→ **THE TASK**: If pictures appear among the lines below, leave them out while you return exactly the lines from the one with "Huadn japanese carbon" through the one with "Weicon 11105400 Gold-Spray, 400".
TASK INPUTS: Begin
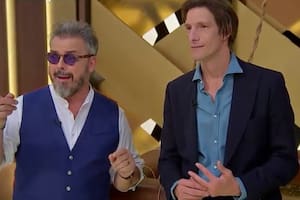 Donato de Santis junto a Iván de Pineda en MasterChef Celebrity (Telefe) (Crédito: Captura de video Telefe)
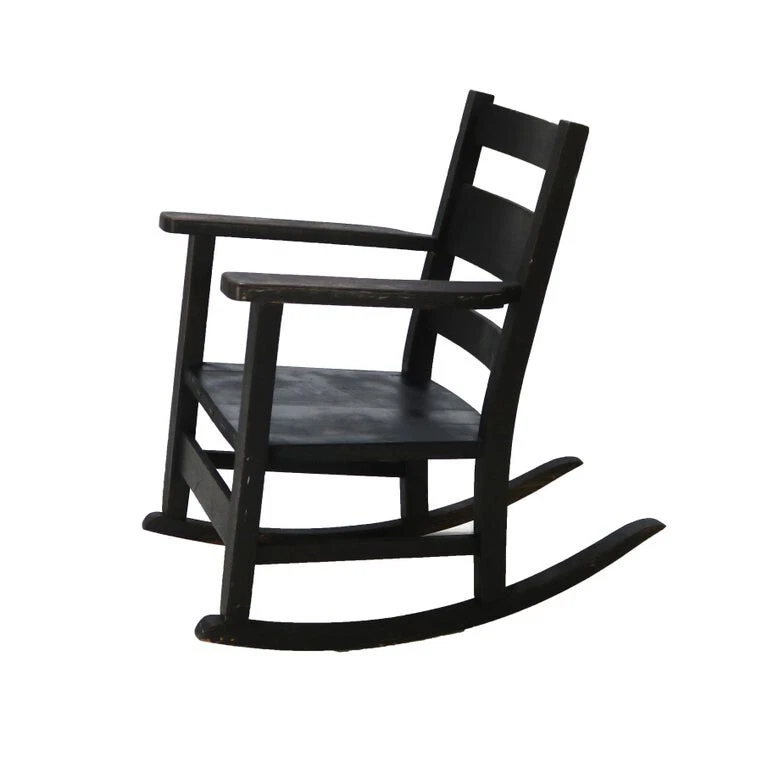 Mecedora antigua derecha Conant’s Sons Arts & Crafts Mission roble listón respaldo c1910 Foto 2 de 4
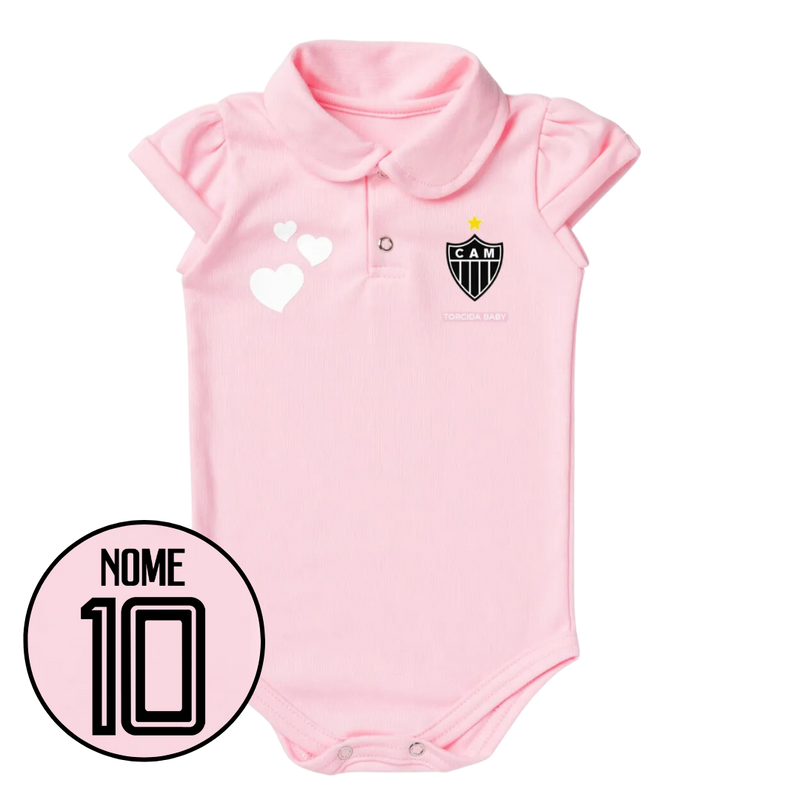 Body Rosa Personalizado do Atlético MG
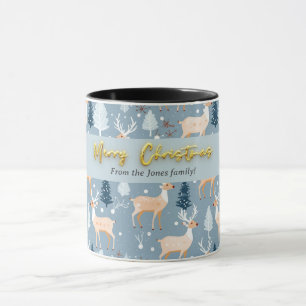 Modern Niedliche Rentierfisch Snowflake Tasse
TASK INPUTS: End
TASK INPUTS: Begin
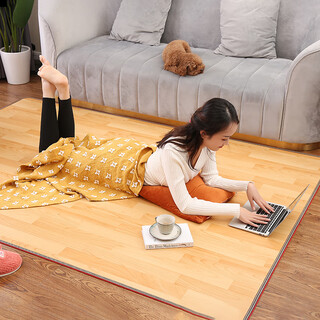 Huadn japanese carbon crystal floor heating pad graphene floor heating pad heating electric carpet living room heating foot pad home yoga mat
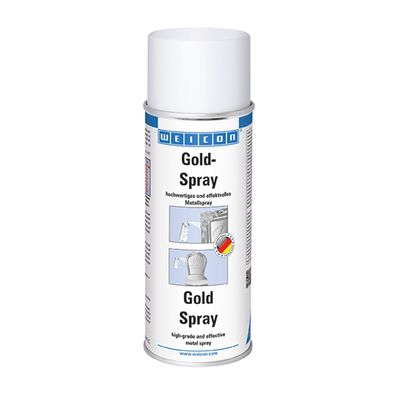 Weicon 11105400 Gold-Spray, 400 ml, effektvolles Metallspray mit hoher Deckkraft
TASK INPUTS: End
→ **TASK ANSWER**:
 Huadn japanese carbon crystal floor heating pad graphene floor heating pad heating electric carpet living room heating foot pad home yoga mat
 Weicon 11105400 Gold-Spray, 400 ml, effektvolles Metallspray mit hoher Deckkraft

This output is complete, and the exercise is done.